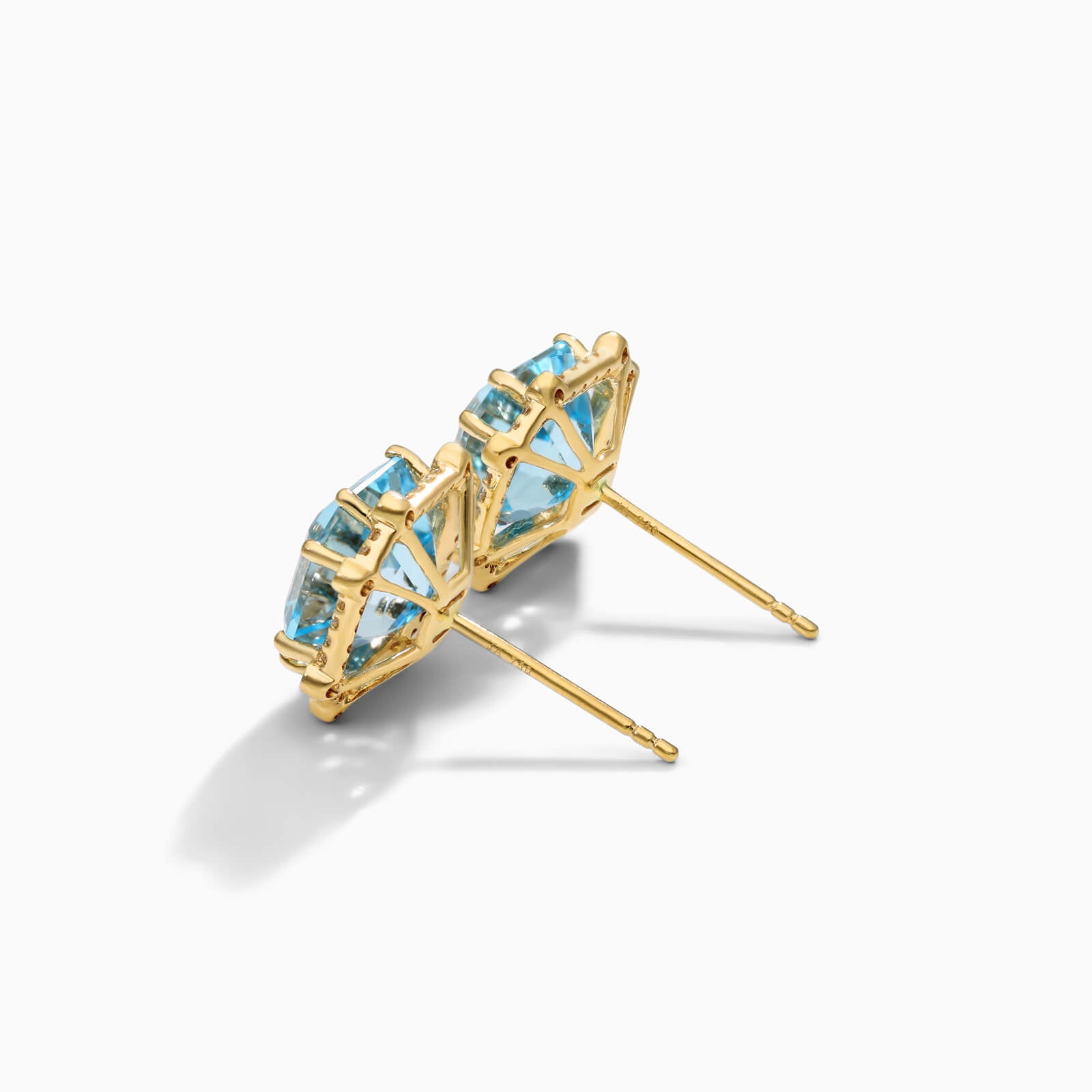 Brinco De Ouro 18k Feminino C/ Diamantes Brilhantes e Topazio Azul Octogono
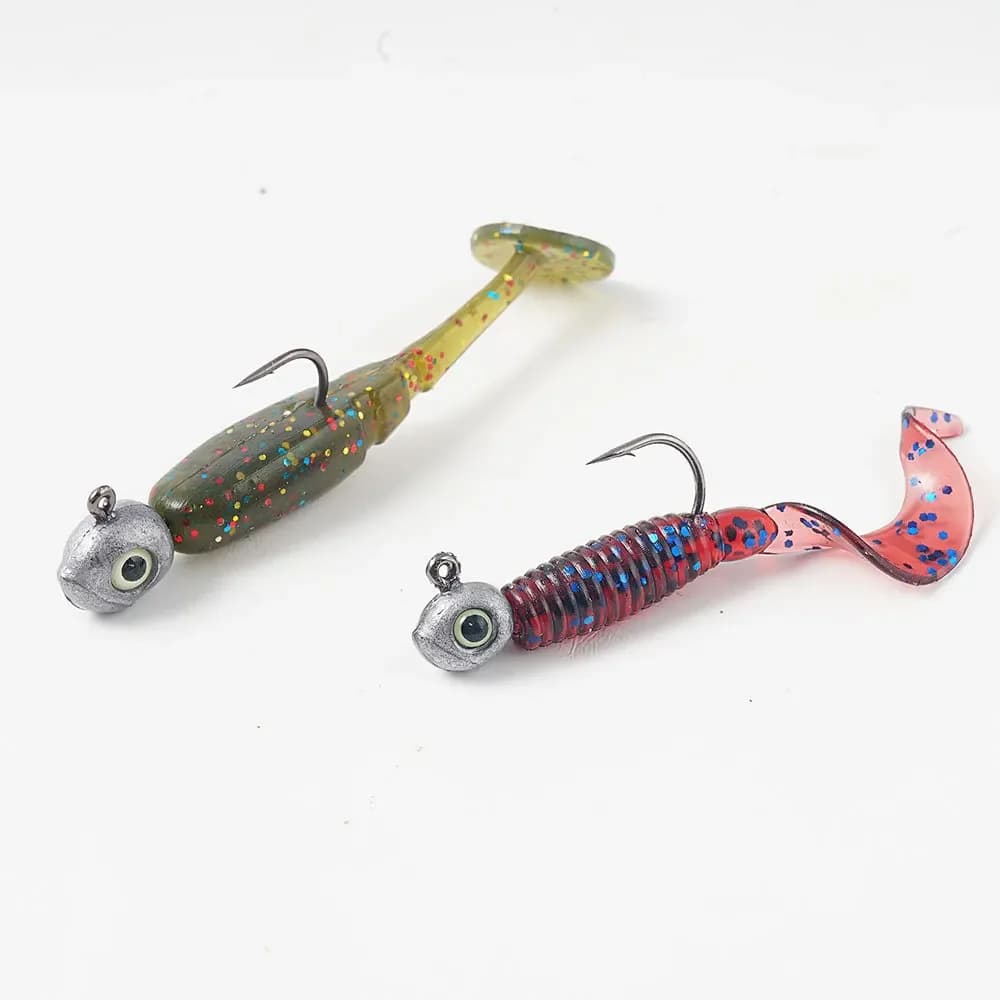 Hameçon plombé leurre souple ultra léger 0.5g à 5g pour pêche de la perche et carnassiers
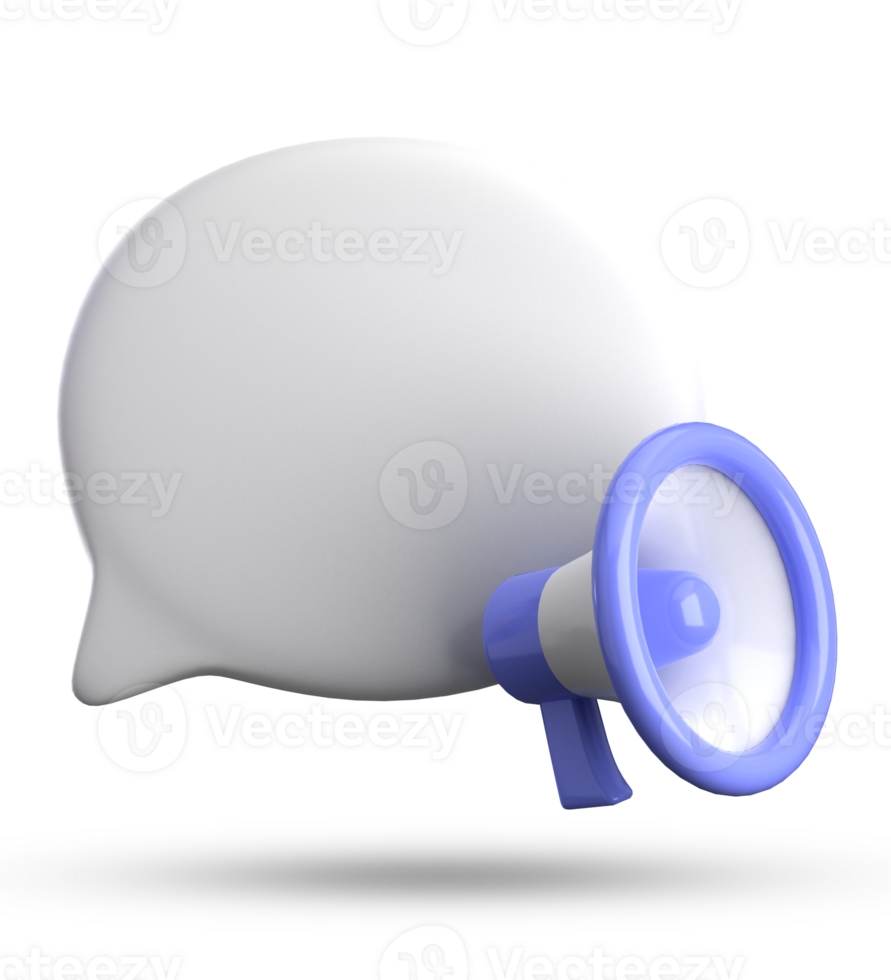 3d rendering of megaphone and speech bubble icons, 3D pastel chat icon set. png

^^^^^^^^

*TRY IT*: Output the whole of the data, unchanged; keep the pictures out.

*WRITTEN SOLUTION*:
 Brinco De Ouro 18k Feminino C/ Diamantes Brilhantes e Topazio Azul Octogono
 Hameçon plombé leurre souple ultra léger 0.5g à 5g pour pêche de la perche et carnassiers
 3d rendering of megaphone and speech bubble icons, 3D pastel chat icon set. png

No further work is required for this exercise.